Ralf Richter (†69): Der traurigste Kölner Nachruf

Köln | Der Tod des beliebten Schauspielers Ralf Richter (†69) rührte ganz Deutschland zu Tränen. Die Nachricht, die koeln0221 exklusiv vor allen anderen am Nachmittag vermeldete, sorgte allenthalben für Entsetzen. Denn der Wahl-Kölner, der in Essen geboren und dann in der Südstadt zuhause war, hatte sich mit seinen Rollen in "Das Boot" und "Bang Boom Bang" auf der Leinwand in die Herzen der Fans gespielt.

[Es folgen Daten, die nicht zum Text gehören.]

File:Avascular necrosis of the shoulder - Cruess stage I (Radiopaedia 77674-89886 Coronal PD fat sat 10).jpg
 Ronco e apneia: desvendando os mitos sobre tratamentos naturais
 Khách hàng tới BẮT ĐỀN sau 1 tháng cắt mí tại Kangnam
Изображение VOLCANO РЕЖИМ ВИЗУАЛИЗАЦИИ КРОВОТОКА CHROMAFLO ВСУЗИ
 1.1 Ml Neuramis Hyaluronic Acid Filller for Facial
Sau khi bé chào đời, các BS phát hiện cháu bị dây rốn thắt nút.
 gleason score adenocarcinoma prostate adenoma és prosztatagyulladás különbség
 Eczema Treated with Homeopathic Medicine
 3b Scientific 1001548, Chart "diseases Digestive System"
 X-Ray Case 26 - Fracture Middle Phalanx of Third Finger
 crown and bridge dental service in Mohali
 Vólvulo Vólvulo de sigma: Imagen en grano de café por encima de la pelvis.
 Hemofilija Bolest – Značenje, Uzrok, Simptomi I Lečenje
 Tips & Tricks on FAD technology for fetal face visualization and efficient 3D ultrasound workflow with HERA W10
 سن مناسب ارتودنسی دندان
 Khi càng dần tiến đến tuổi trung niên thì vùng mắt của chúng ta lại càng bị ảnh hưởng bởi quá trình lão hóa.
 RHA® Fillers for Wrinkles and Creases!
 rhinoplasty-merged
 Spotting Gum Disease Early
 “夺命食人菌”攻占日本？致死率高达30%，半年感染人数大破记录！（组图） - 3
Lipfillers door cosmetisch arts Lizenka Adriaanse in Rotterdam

Roland Bebak verpasste Ralf Richter nur knapp

Als Ruhrpott-Schnauze "Kalle Grabowski" erlangte der zweifache Familienvater Kultstatus. Er war bis zuletzt ein gern gefragter Gast in Talkshows und Podcasts und hatte noch viel vor. Doch das Herz machte nicht mit. Nun ist die Trauer um den charismatischen Mimen und treuen Freund der Fortuna Köln groß.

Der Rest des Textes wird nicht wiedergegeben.